Last year, I was so sick and tired of waiting. I was only 16, and I knew that I was being ridiculous. Some people don’t meet the right person until they’re 10 years older than that–maybe more, but I still wanted a guy who I could share both important and insignificant moments with.
God’s taught me that there are seasons of life, each season coming with its own challenges and blessings, though sometimes I don’t see the blessings until later. High school is a very special season. Yes, there’s lots of waiting, but you also have the opportunity to prepare for what’s up ahead and to sketch a roadmap for your future. No matter what season you’re in, God has a purpose for it. If something–or someone–hasn’t entered your life yet, then that’s for a reason. Waiting is always worth it.
So, you probably don’t need me to tell you how hard it is to wait for things in high school. I’d imagine you already know this from your own experiences. Above, I said that an advantage to being in high school is that you have an opportunity to prepare. So how can you do that?
The List of Musts and Hopes
“Every girl should have two lists: a list of musts and a list of hopes. The list of musts is the serious list, the one that doesn’t change… Then I have my list of hopes. These aren’t deal-breakers but things I would like to see in a soul mate… When you know what’s important you’re less likely to be distracted.”

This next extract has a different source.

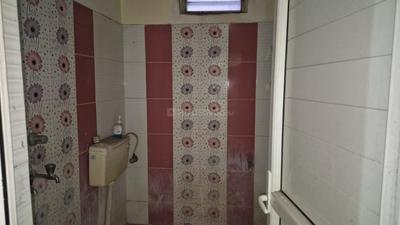 Bathroom Image of 876 Sq.ft 2 BHK Apartment / Flat for sale in Balajirao Pet Tenali for Rs. 3500000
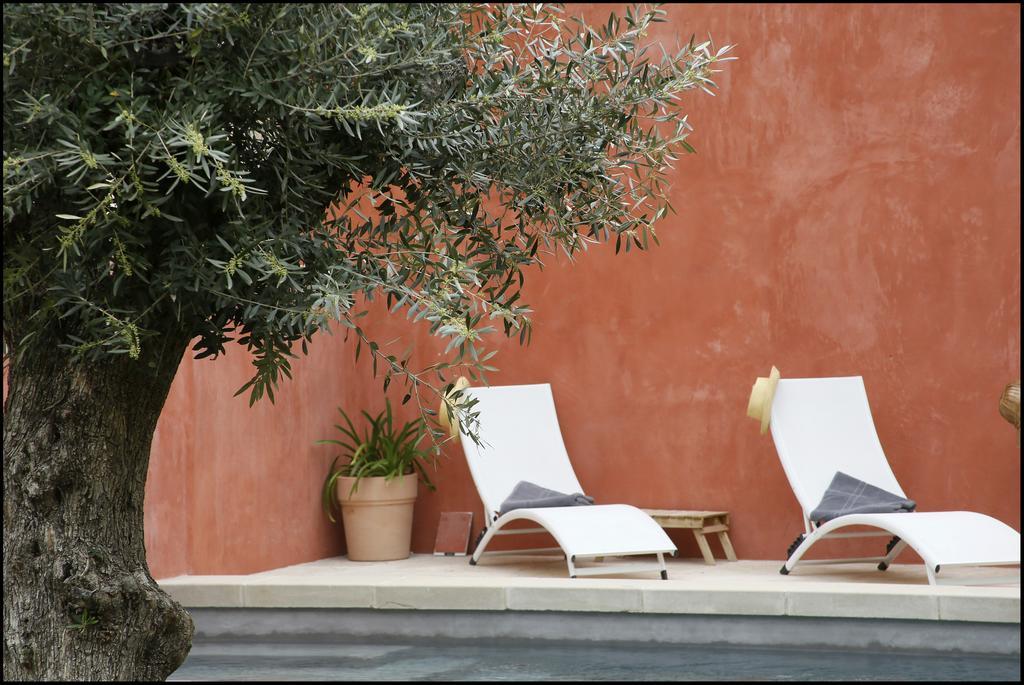 La Maison Rouge D'Uzes B&B Exterior foto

I would recommend making this list before you meet a guy you’re seriously interested in. That way, you’ll make sure the guy you currently like isn’t setting the standard for future guys. You don’t want to mold your list off of one guy. So what are a few of your musts and hopes? For some ideas, here are a few of my musts:
He must be intelligent and engaging.
He must be a guy I spiritually admire for his relationship with God.
My hopes are often a mix of shallow and sincere. Sometimes they’re a bit silly. For example:
I hope he knows martial arts.
I hope he has a six-pack.
I hope he’s not paler than I am–I’m really pale.
When making these list, try to keep this in mind: “It’s all too easy to be searching for the ‘perfect guy’ instead of a guy who is perfect for you.”
Now that you have your list, I’d like you to look at it and think about what you can emulate. For example, I’m going to do my best to be intelligent and engaging, since I want my future husband to be intelligent and engaging. Another question you should ask yourself: Who do you want to be by the time you’re married? Where should you be in your personal growth?
Aside from this, there’s nothing you can do but wait on God. Just remember:
“[God] has a beautiful future and a breathtaking love story ahead of you. But don’t rush ahead of Him.”
What are some of your musts and hopes? How do you need to grow before you’re ready to be with the right guy?